What you should do:
Look over the entries that follow. Report how many lines contain "Robo", with nothing else.

Stored dataset items
::::

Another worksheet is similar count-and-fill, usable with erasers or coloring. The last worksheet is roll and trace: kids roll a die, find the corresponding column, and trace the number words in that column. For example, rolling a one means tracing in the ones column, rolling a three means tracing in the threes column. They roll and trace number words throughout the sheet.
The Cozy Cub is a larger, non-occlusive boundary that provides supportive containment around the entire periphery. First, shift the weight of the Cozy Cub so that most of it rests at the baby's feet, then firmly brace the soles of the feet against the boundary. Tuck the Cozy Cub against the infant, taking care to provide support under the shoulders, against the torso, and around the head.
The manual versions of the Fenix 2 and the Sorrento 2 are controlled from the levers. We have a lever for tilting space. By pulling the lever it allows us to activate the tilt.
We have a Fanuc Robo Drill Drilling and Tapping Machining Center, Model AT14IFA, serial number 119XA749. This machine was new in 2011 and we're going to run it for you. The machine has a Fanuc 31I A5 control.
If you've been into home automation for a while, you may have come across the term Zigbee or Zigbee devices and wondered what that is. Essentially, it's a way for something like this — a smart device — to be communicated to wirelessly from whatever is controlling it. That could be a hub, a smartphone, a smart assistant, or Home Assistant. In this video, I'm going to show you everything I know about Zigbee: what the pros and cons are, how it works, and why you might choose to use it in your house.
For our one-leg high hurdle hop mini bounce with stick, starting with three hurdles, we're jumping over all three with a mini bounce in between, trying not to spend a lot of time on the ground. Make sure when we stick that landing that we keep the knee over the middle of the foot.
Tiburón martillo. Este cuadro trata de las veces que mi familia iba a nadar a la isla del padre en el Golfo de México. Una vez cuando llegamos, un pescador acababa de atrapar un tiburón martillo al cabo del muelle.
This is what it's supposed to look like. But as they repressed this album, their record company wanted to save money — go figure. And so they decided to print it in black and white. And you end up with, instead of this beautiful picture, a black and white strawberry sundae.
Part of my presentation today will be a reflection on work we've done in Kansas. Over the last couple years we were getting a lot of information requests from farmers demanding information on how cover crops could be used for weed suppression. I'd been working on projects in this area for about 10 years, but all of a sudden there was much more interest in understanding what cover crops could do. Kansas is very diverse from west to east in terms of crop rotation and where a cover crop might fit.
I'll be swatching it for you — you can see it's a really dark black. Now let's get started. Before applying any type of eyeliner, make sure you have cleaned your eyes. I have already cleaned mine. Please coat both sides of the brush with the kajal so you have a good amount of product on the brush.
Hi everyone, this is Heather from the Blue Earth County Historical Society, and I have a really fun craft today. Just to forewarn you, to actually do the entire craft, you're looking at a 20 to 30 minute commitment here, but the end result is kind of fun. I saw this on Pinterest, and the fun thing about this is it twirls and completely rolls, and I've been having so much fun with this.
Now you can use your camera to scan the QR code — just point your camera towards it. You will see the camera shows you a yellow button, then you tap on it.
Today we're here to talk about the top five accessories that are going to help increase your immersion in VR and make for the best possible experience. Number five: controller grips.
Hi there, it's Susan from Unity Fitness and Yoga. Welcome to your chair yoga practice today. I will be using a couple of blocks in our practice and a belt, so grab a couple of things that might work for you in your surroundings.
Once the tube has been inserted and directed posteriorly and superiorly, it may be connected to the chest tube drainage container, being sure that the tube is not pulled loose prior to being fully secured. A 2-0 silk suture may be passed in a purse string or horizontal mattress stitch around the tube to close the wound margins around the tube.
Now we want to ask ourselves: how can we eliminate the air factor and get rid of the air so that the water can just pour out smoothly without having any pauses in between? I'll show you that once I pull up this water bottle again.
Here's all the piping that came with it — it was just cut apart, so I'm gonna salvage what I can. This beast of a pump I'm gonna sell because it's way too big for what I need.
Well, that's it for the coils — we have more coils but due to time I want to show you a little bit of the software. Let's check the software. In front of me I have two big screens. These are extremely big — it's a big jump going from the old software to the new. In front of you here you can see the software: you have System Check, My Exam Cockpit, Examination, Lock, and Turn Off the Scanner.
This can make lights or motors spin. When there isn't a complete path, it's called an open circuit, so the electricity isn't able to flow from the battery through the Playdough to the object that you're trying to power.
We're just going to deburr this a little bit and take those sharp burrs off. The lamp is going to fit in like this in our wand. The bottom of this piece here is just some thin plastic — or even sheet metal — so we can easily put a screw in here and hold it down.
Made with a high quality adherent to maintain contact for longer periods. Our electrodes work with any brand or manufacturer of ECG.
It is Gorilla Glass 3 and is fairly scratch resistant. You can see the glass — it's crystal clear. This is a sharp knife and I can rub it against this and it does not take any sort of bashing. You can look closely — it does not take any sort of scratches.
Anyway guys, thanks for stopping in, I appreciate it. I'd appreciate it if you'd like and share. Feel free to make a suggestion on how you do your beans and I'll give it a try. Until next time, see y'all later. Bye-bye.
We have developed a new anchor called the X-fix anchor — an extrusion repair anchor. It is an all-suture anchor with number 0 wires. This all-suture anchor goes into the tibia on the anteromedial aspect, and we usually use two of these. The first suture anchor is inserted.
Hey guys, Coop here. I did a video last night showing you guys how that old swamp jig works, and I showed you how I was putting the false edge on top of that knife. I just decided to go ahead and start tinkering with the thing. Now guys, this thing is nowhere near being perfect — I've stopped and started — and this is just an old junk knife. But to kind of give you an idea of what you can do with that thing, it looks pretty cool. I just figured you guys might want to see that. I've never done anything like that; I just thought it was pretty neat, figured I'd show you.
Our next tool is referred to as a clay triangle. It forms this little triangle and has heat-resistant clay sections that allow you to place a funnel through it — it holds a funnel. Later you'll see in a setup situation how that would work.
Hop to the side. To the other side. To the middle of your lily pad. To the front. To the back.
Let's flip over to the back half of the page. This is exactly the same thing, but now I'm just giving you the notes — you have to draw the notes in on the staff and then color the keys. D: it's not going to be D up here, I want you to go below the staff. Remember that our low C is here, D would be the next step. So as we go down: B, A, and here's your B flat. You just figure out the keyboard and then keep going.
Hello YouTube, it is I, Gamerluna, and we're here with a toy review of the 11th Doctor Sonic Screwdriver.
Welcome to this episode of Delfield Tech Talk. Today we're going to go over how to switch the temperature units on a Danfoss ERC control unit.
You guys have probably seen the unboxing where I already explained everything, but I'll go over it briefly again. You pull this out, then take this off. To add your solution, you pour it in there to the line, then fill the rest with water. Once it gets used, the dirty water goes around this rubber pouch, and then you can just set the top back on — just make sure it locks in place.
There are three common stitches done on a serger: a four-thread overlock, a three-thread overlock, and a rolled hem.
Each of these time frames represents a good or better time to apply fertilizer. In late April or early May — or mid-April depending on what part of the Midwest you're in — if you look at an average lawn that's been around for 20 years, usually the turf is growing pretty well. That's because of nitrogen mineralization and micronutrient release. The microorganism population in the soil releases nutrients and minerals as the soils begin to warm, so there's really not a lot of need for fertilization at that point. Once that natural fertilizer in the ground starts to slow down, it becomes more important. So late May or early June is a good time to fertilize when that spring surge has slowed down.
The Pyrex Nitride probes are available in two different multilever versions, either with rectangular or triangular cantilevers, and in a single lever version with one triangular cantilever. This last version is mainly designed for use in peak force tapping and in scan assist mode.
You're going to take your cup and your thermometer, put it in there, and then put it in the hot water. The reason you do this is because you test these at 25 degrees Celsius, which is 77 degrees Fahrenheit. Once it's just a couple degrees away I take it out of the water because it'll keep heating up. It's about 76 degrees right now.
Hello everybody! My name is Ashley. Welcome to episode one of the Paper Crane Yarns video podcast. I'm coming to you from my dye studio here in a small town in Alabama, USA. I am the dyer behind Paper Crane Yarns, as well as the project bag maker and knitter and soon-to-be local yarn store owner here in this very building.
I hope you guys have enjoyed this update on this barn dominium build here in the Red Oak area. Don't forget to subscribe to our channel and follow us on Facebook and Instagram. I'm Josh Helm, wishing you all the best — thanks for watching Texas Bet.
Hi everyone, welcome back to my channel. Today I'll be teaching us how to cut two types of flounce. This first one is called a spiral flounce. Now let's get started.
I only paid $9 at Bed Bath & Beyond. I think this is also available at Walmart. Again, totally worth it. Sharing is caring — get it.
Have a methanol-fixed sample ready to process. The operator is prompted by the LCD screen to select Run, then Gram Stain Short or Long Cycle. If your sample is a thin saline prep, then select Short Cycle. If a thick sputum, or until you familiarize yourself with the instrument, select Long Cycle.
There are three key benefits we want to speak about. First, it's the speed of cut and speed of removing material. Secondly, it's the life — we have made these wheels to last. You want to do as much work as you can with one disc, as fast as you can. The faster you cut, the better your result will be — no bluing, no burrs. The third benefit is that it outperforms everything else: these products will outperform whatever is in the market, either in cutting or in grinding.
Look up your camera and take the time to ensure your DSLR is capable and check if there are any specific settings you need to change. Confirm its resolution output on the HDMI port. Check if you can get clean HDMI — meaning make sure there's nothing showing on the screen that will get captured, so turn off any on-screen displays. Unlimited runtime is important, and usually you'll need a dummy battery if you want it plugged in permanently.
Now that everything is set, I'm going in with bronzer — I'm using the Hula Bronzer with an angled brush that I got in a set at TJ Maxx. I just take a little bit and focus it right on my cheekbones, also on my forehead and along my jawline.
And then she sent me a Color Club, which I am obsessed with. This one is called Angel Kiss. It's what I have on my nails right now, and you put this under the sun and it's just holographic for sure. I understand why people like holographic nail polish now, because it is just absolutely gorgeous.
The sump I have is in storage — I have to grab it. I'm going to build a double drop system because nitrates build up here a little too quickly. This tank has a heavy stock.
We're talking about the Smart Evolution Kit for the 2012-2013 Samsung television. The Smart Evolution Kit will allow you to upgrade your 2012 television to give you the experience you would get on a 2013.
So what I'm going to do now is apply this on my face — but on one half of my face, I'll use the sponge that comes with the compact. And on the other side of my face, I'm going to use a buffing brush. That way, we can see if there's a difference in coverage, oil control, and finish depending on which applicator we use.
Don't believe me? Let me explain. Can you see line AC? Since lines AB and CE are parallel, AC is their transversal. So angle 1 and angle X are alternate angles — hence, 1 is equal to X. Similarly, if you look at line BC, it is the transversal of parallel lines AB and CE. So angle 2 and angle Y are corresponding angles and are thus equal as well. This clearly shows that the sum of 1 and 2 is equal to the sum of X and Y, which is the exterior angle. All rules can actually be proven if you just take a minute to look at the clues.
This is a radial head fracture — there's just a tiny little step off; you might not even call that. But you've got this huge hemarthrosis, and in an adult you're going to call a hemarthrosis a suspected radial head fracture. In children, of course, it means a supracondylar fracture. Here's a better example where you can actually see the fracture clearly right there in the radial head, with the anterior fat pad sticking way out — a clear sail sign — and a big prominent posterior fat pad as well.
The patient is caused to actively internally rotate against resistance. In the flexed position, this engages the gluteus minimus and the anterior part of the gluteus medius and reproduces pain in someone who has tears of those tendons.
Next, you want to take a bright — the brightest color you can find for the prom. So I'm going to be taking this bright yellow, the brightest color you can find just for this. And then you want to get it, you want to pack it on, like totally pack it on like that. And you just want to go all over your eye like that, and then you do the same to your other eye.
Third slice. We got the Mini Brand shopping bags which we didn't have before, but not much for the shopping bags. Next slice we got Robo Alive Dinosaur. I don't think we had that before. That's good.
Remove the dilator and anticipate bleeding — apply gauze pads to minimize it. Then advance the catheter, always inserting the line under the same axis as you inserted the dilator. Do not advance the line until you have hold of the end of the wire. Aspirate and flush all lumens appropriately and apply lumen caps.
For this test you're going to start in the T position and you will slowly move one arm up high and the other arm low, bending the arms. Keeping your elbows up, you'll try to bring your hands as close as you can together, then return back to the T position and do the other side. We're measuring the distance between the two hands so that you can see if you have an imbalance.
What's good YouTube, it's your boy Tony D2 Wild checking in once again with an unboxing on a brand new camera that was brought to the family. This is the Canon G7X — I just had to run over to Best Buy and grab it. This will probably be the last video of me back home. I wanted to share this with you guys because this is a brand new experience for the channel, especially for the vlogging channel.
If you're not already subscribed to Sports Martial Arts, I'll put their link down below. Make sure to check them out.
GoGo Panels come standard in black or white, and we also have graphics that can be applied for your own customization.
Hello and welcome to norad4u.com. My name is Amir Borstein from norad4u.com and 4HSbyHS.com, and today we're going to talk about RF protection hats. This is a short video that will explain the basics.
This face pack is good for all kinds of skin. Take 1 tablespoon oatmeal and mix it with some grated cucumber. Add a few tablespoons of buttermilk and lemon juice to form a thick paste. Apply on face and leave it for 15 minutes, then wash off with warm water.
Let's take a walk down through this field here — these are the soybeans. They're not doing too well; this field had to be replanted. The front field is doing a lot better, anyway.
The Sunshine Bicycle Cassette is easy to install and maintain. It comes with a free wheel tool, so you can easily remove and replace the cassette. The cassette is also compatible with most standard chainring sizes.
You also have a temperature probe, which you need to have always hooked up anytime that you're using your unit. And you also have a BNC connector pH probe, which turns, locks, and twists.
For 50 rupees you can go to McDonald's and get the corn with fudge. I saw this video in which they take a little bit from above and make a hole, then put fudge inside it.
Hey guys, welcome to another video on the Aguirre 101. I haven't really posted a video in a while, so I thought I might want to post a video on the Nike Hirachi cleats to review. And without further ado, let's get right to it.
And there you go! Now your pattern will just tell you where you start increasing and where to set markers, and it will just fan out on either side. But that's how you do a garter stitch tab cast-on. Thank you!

::::

Result:
2